Start of Provided entries

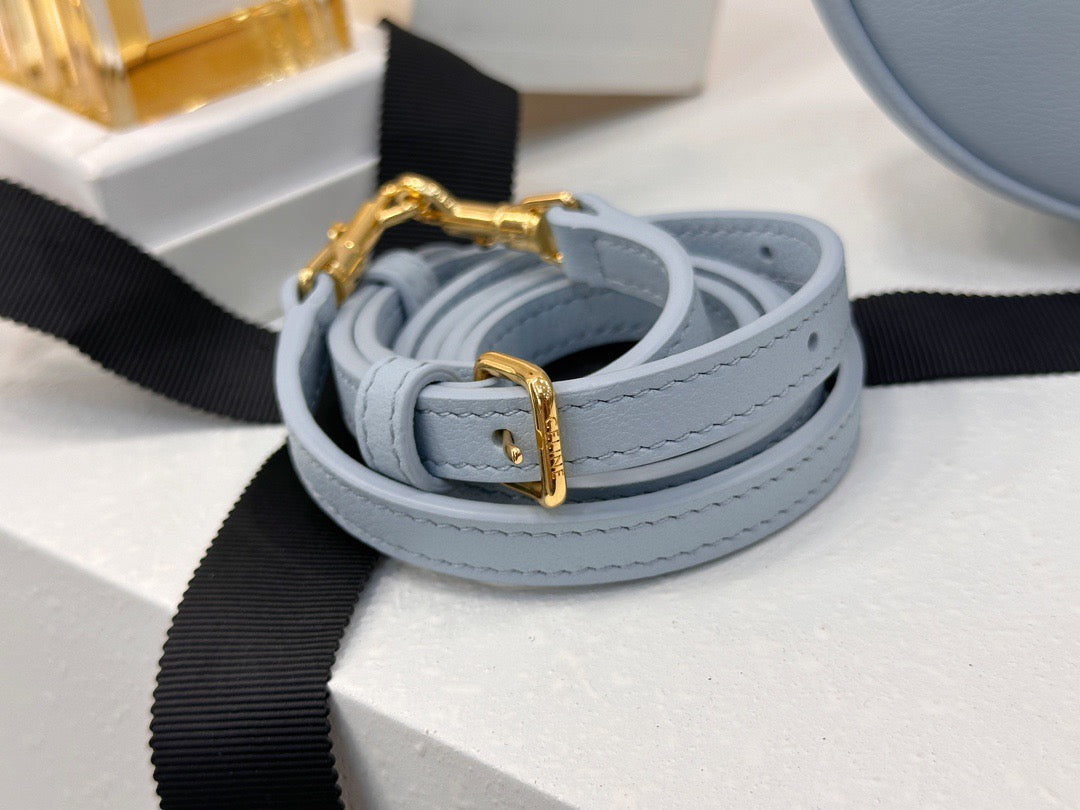 셀린느 틴 룰루백 그레인드 카프스킨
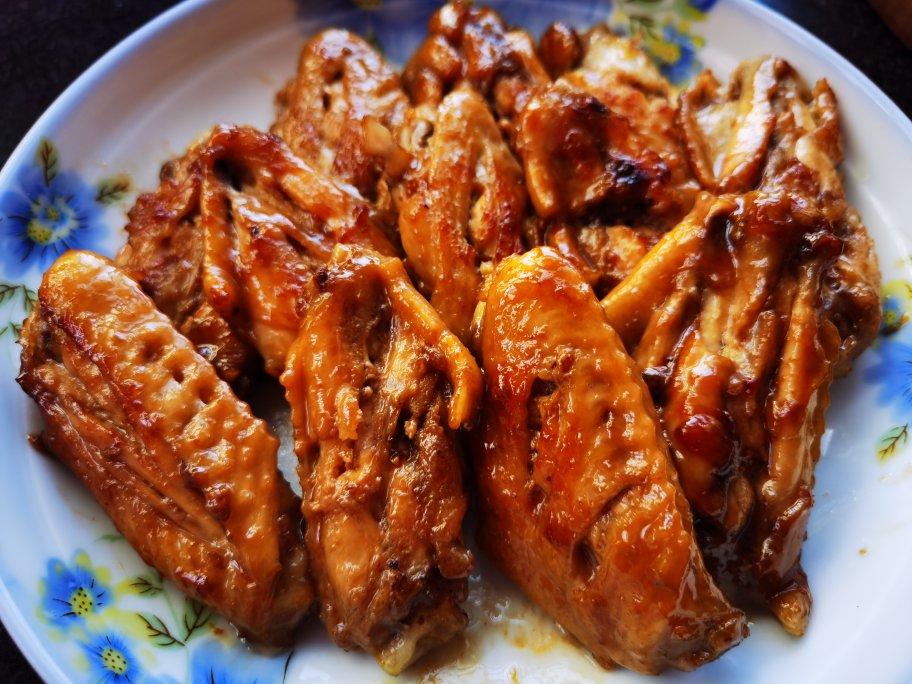 宝宝最爱吃的蜜汁鸡翅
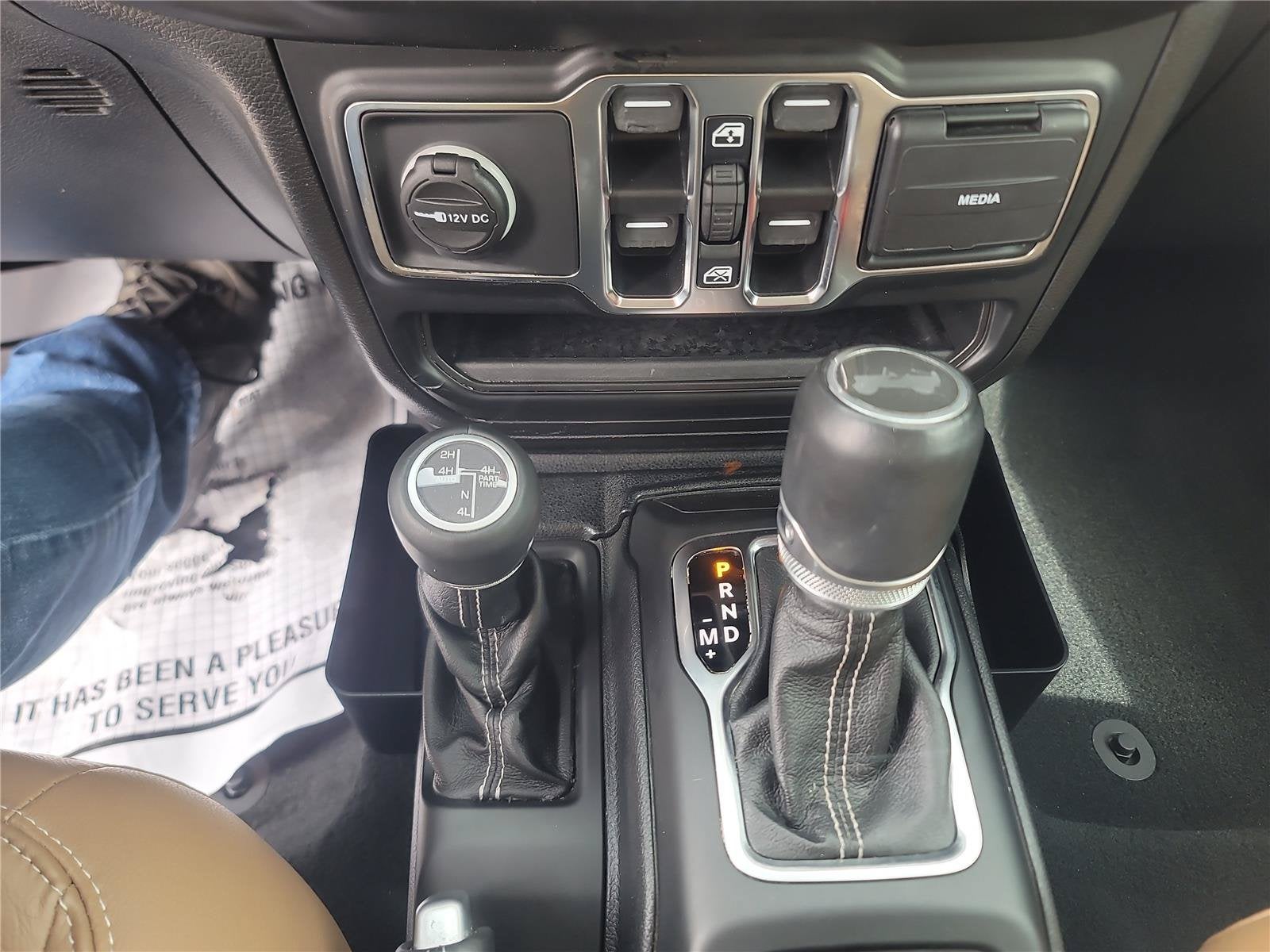 2021 Jeep Wrangler 4xe Unlimited Sahara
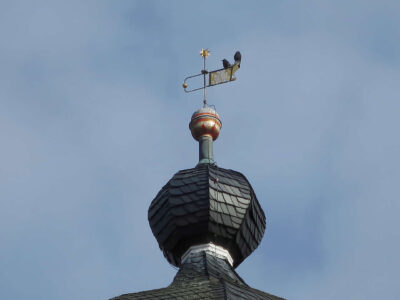 Ev. Kirche, Dorndorf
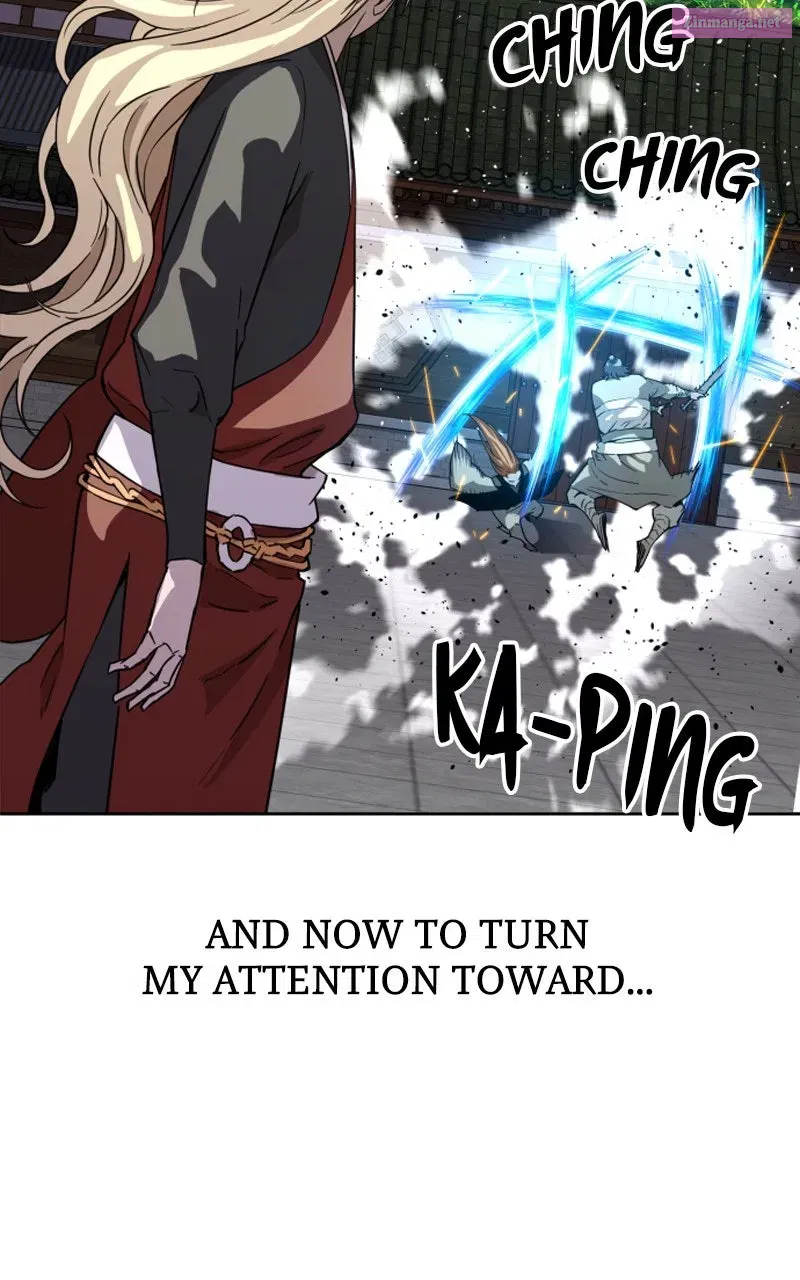 The Monkey King’s Journey to the Murim Chapter 30 page 102 - 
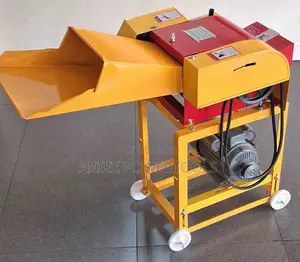 Milano Italia High Speed Chopper 800-1200kgs/Hr With7.5hp Engine
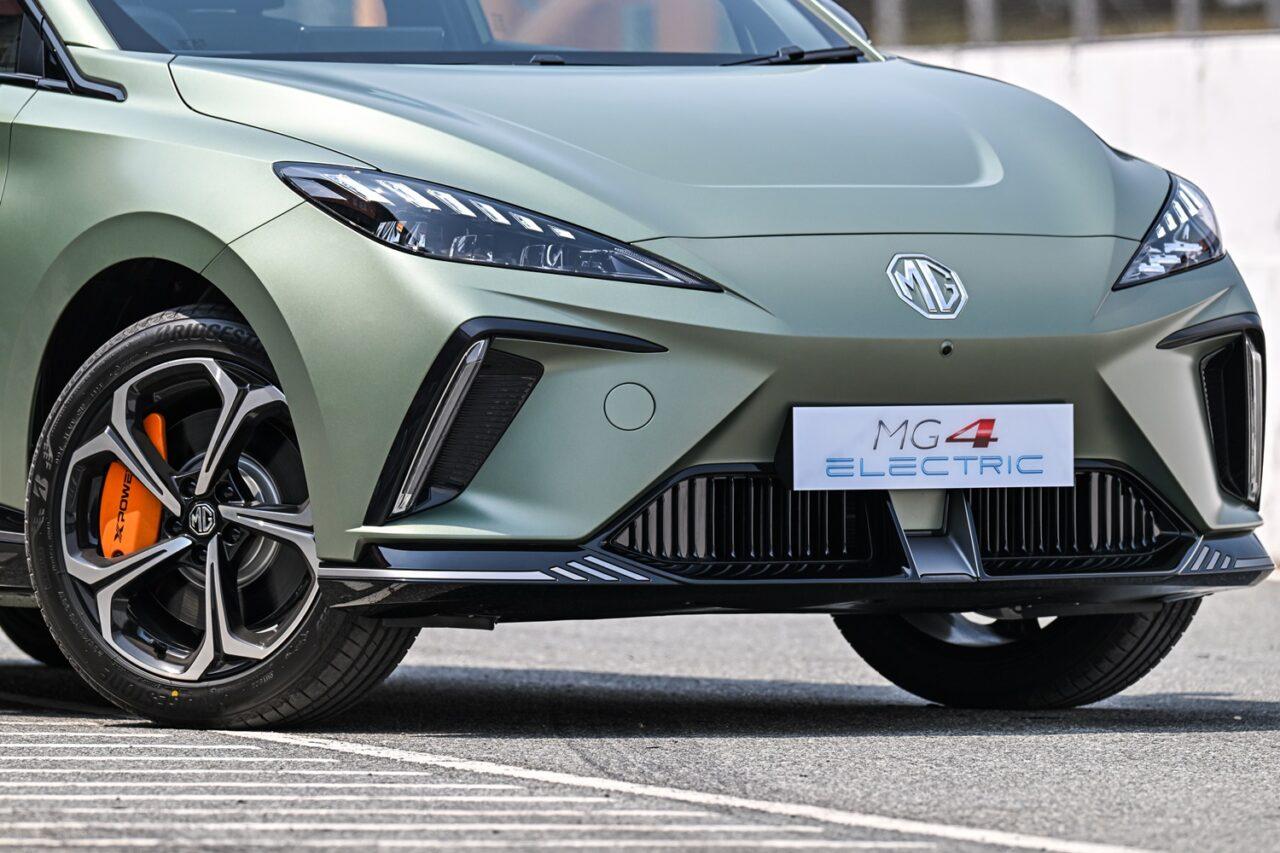 MG4 XPOWER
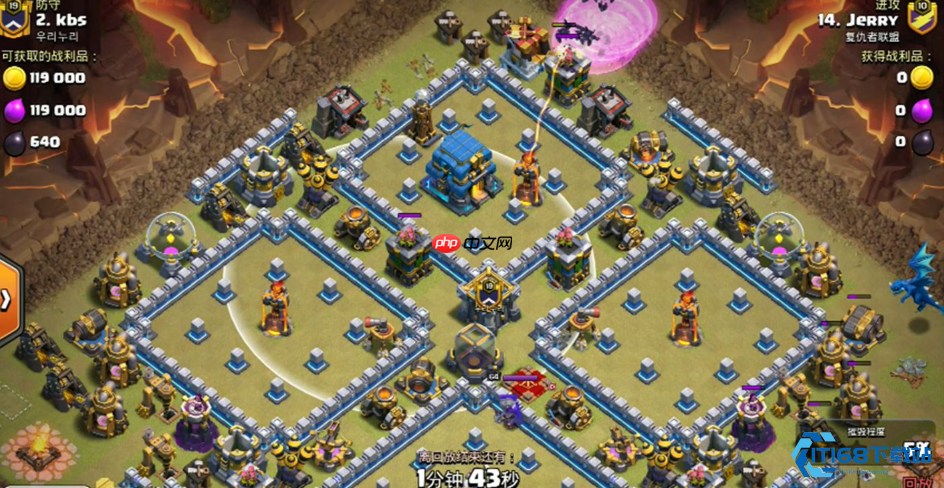 蝙蝠隐身流：神级偷家流玩法解析，核心防御的克星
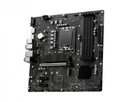 
TARJETA MADRE MSI MICRO-ATX PRO B760M-P DDR4, S-1700, INTEL B760, HDMI, 128GB DDR4 PARA INTEL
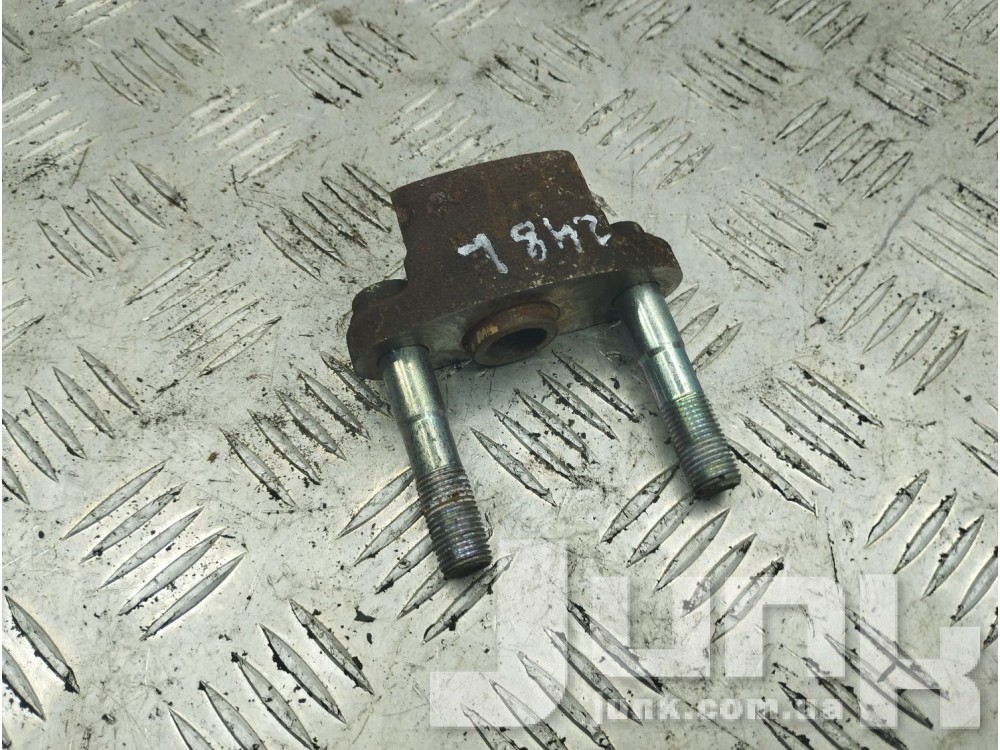 Кронштейн колодок стояночного тормоза левый для Infiniti FX35 oe 44079AR00A разборка бу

End of Provided entries

What the exercise asks> Write the listing above out again exactly, dropping each image.

Exercise response>
 셀린느 틴 룰루백 그레인드 카프스킨
 宝宝最爱吃的蜜汁鸡翅
 2021 Jeep Wrangler 4xe Unlimited Sahara
 Ev. Kirche, Dorndorf
 The Monkey King’s Journey to the Murim Chapter 30 page 102 - 
 Milano Italia High Speed Chopper 800-1200kgs/Hr With7.5hp Engine
 MG4 XPOWER
 蝙蝠隐身流：神级偷家流玩法解析，核心防御的克星
TARJETA MADRE MSI MICRO-ATX PRO B760M-P DDR4, S-1700, INTEL B760, HDMI, 128GB DDR4 PARA INTEL
 Кронштейн колодок стояночного тормоза левый для Infiniti FX35 oe 44079AR00A разборка бу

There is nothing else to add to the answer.